(Brief descriptive captions)
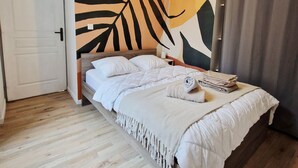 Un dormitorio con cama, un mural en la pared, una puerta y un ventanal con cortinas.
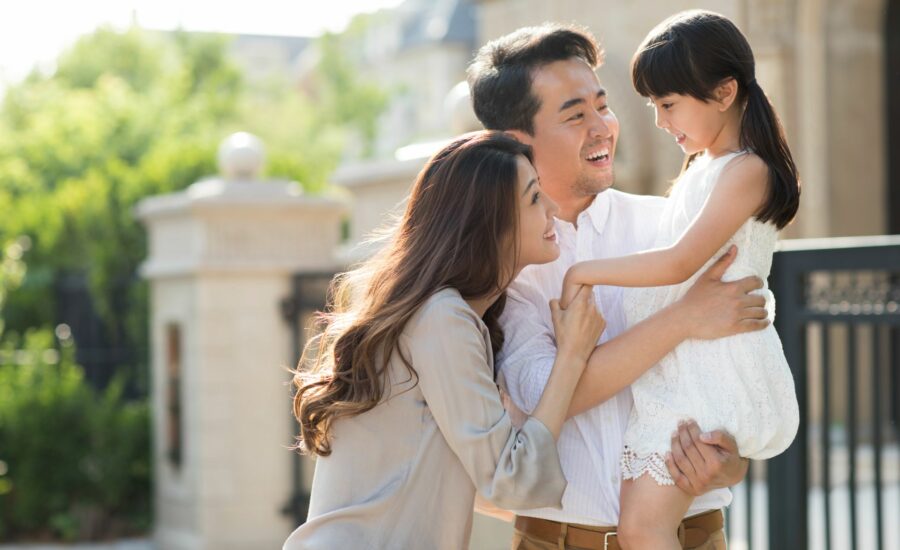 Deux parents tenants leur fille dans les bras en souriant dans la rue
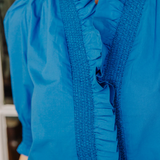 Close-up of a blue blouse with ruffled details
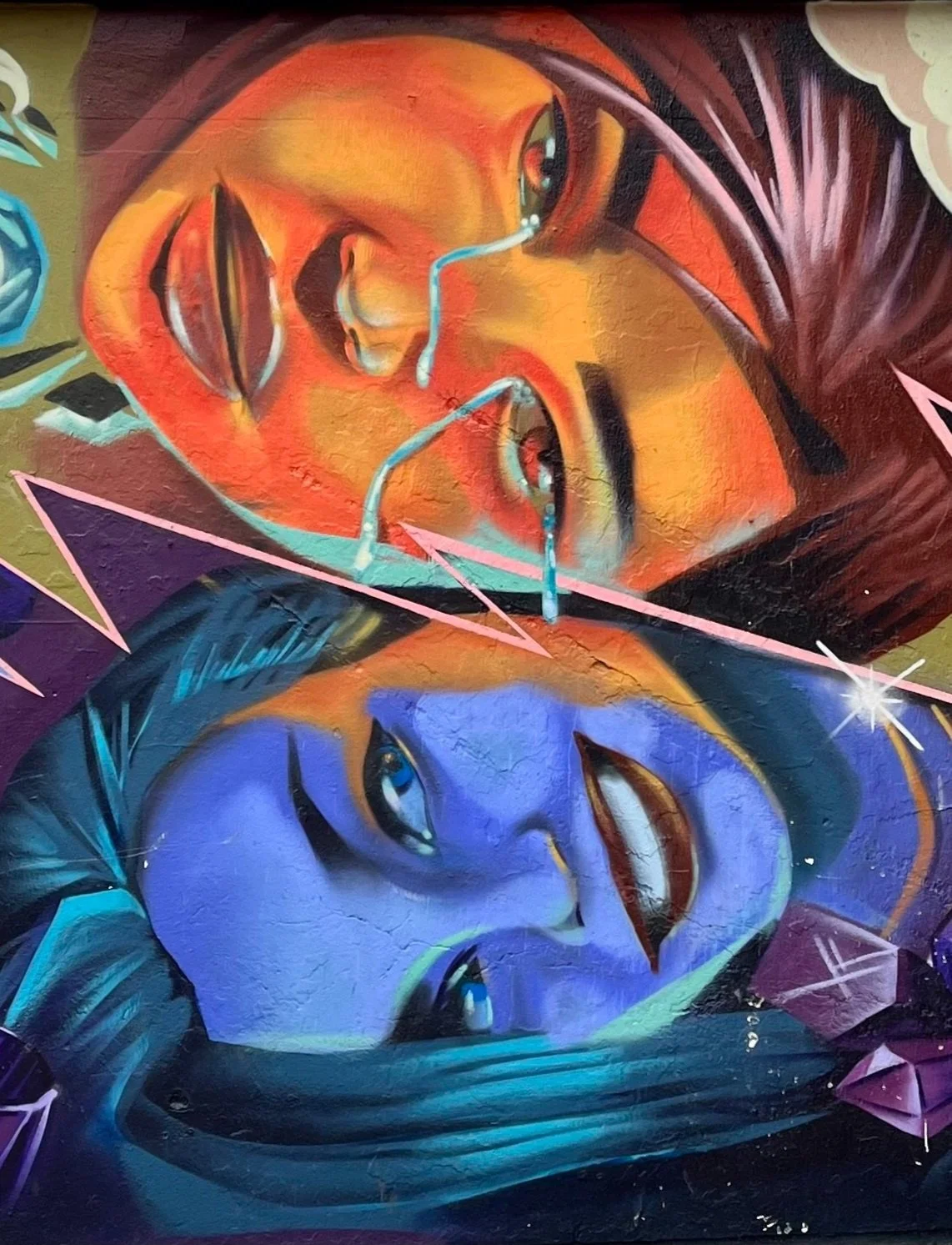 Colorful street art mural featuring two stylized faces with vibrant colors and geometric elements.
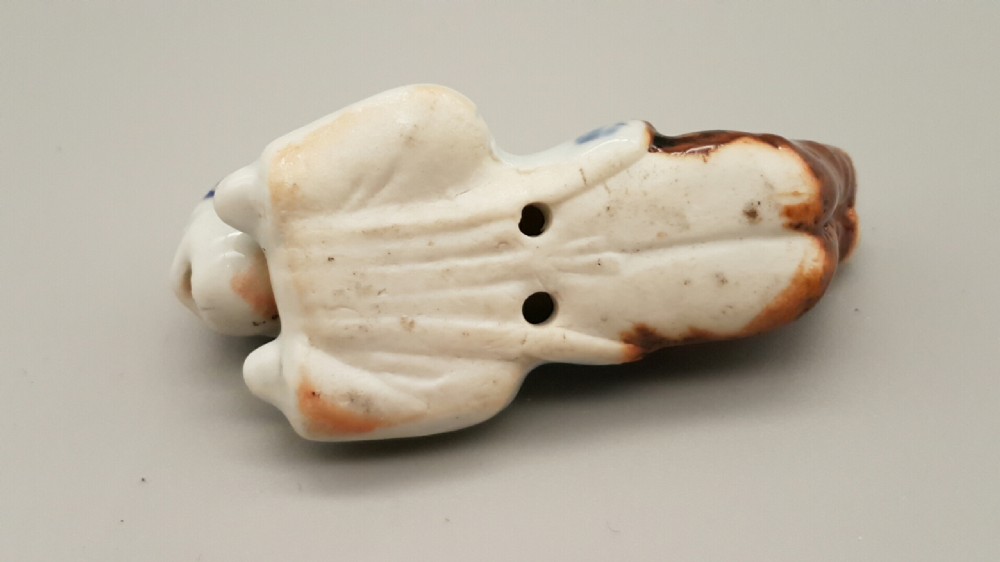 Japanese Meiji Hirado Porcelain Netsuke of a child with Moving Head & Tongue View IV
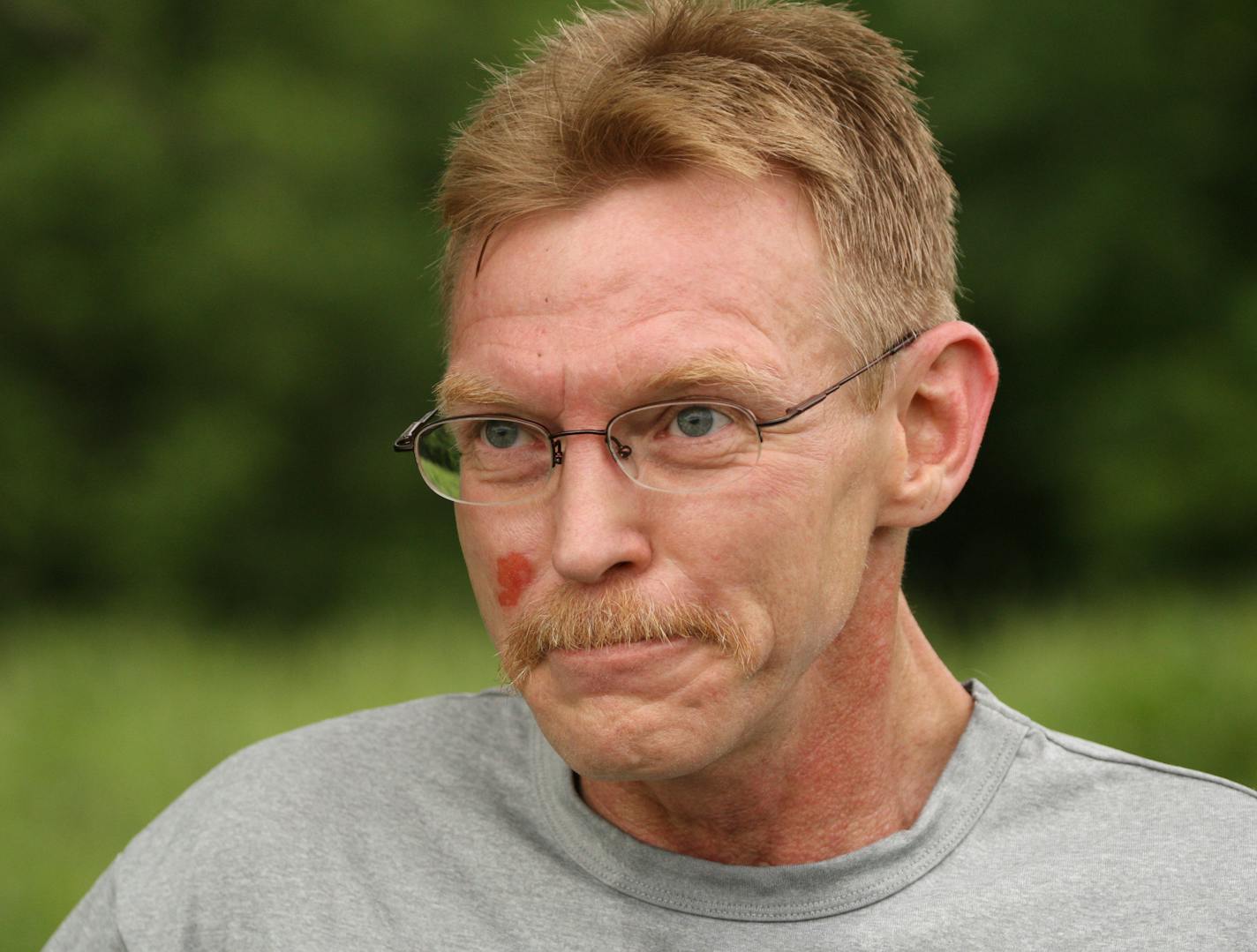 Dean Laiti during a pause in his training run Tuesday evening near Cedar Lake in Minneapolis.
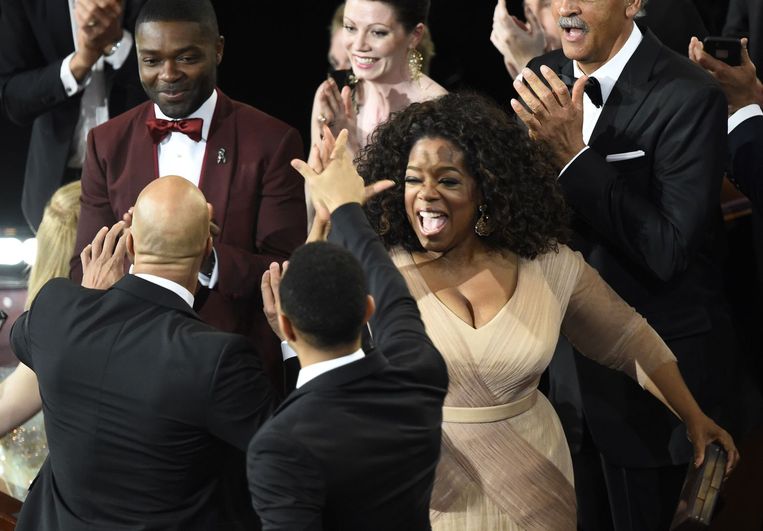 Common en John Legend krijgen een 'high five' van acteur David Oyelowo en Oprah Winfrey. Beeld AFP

TASK OBJECTIVE |
The entries should be reproduced word for word, pictures omitted.

ANSWER TO THIS PROBLEM |
 Un dormitorio con cama, un mural en la pared, una puerta y un ventanal con cortinas.
 Deux parents tenants leur fille dans les bras en souriant dans la rue
 Close-up of a blue blouse with ruffled details
 Colorful street art mural featuring two stylized faces with vibrant colors and geometric elements.
 Japanese Meiji Hirado Porcelain Netsuke of a child with Moving Head & Tongue View IV
 Dean Laiti during a pause in his training run Tuesday evening near Cedar Lake in Minneapolis.
 Common en John Legend krijgen een 'high five' van acteur David Oyelowo en Oprah Winfrey. Beeld AFP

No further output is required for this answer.